● **EXERCISE**: Leave out the pictures and transcribe the rest of the records exactly.

● **PROVIDED INFORMATION**:

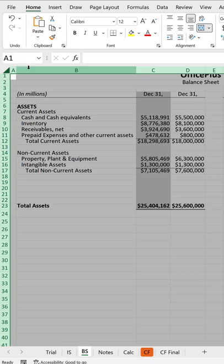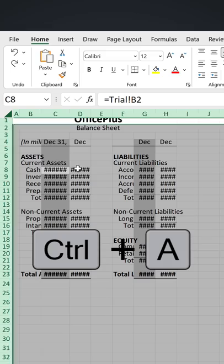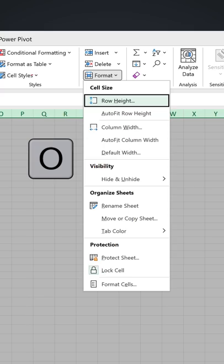If you want to use a keyboard shortcut instead, you can use Ctrl+A once, which only selects this area. A second time selects everything. And then go with Alt+H to get to the Home tab, O to get to formatting options.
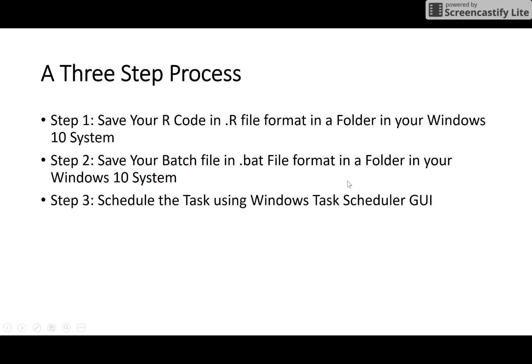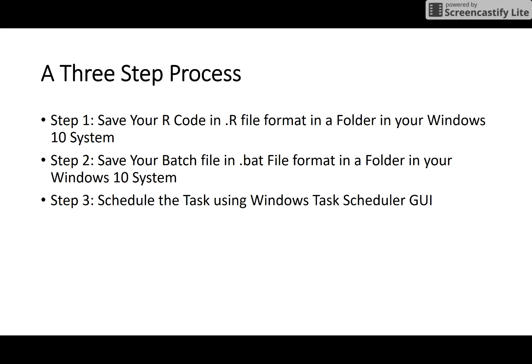The entire process is a three-step process. Step one, of course you have to have an R file, an R script file which is saved in .R file format in a specified folder. Step two is you have to write a batch file in the .bat file format, which actually tells Windows Task Scheduler to go find that code which is saved in the .R file format and run this R program at a specified time of the day the way you design it.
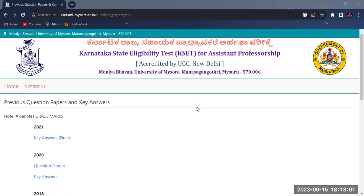you will download the previous question papers. You will just Google the previous question paper with key answers.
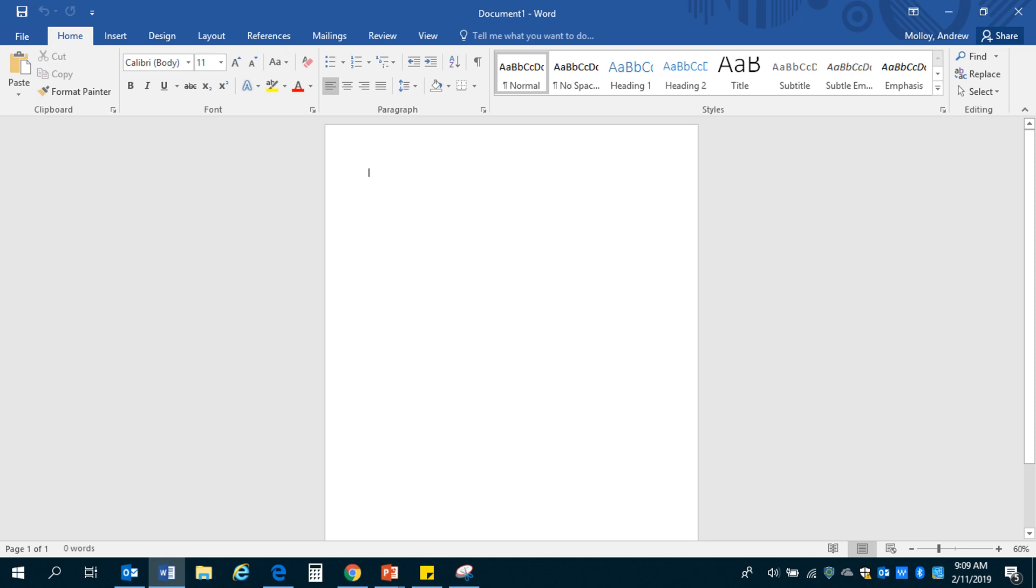All right, welcome everybody. This is going to be a tutorial for those of you all who are new to using Microsoft Office, who have started writing papers that require MLA format.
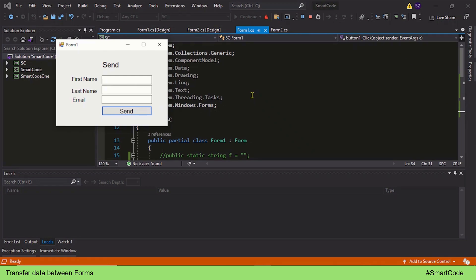Hey everybody, this is Salar and you're watching Smart Code. We are working with Windows Forms applications in .NET and learning how to transfer data between forms. In our previous tutorial we learned how to transfer data from Form 2 back to Form 1, which was simple to implement. We will continue learning this technique because there are several methods to accomplish data transfer between forms.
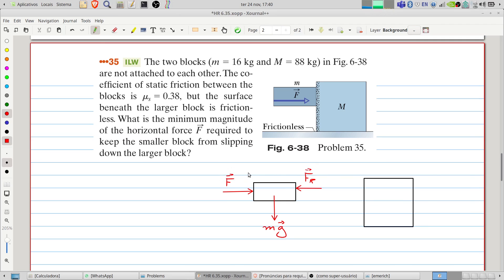This is the reaction force of the surface. And we also have the friction here — static friction. Here are all the forces acting on the smaller block.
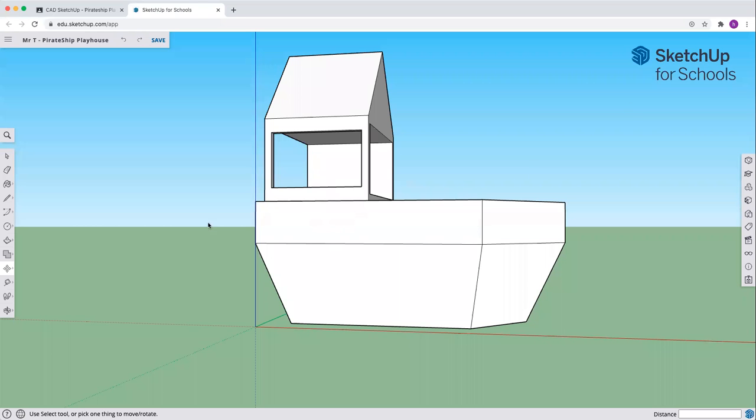Welcome back to the Pirate Ship Playhouse. We have made our shape, our hull, our deck up there, we've got our cabin, and now we're going to make some portholes.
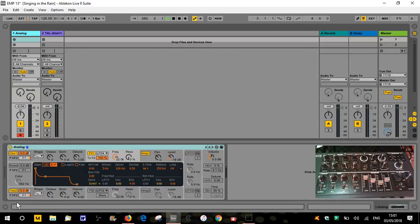Welcome to part 5 of the synthesis series. In this one we're going to look at filter envelopes. We've looked previously at the amp envelope which basically shapes the volume of the sound over time. The filter envelope works in the same way - it's going to shape the tone of the sound you create over time. Another way to think about it is it's basically just automating the filter, sort of opening and closing.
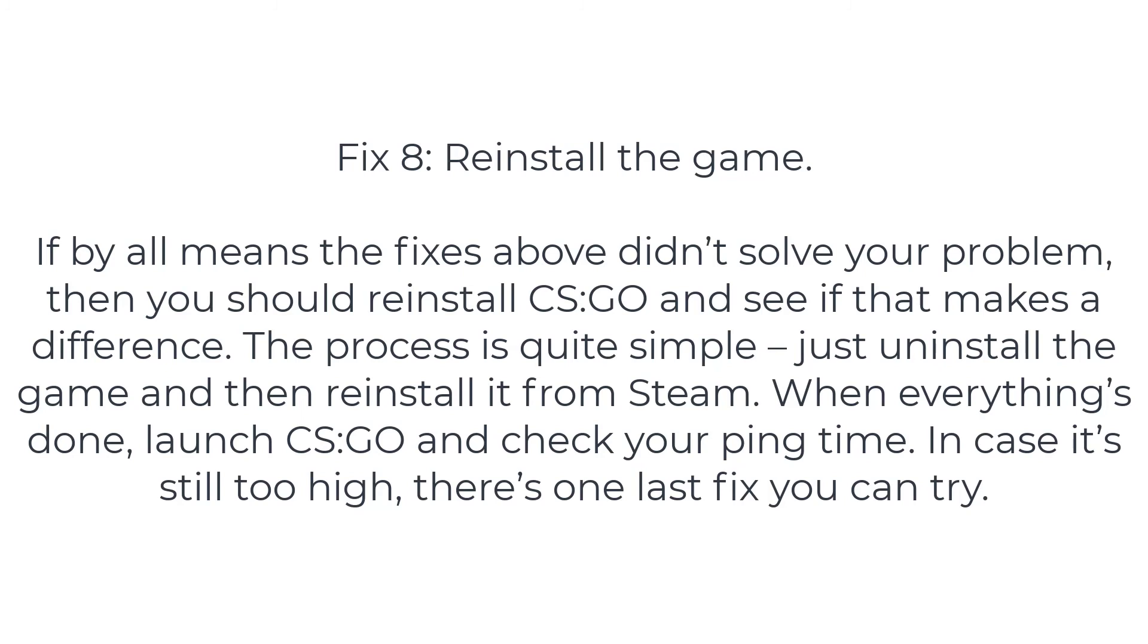When everything's done, launch CS:GO and check your ping time. In case it's still too high, there's one last fix you can try.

● **ANSWER TO THIS TASK**:
If you want to use a keyboard shortcut instead, you can use Ctrl+A once, which only selects this area. A second time selects everything. And then go with Alt+H to get to the Home tab, O to get to formatting options.
The entire process is a three-step process. Step one, of course you have to have an R file, an R script file which is saved in .R file format in a specified folder. Step two is you have to write a batch file in the .bat file format, which actually tells Windows Task Scheduler to go find that code which is saved in the .R file format and run this R program at a specified time of the day the way you design it.
you will download the previous question papers. You will just Google the previous question paper with key answers.
All right, welcome everybody. This is going to be a tutorial for those of you all who are new to using Microsoft Office, who have started writing papers that require MLA format.
Hey everybody, this is Salar and you're watching Smart Code. We are working with Windows Forms applications in .NET and learning how to transfer data between forms. In our previous tutorial we learned how to transfer data from Form 2 back to Form 1, which was simple to implement. We will continue learning this technique because there are several methods to accomplish data transfer between forms.
This is the reaction force of the surface. And we also have the friction here — static friction. Here are all the forces acting on the smaller block.
Welcome back to the Pirate Ship Playhouse. We have made our shape, our hull, our deck up there, we've got our cabin, and now we're going to make some portholes.
Welcome to part 5 of the synthesis series. In this one we're going to look at filter envelopes. We've looked previously at the amp envelope which basically shapes the volume of the sound over time. The filter envelope works in the same way - it's going to shape the tone of the sound you create over time. Another way to think about it is it's basically just automating the filter, sort of opening and closing.
When everything's done, launch CS:GO and check your ping time. In case it's still too high, there's one last fix you can try.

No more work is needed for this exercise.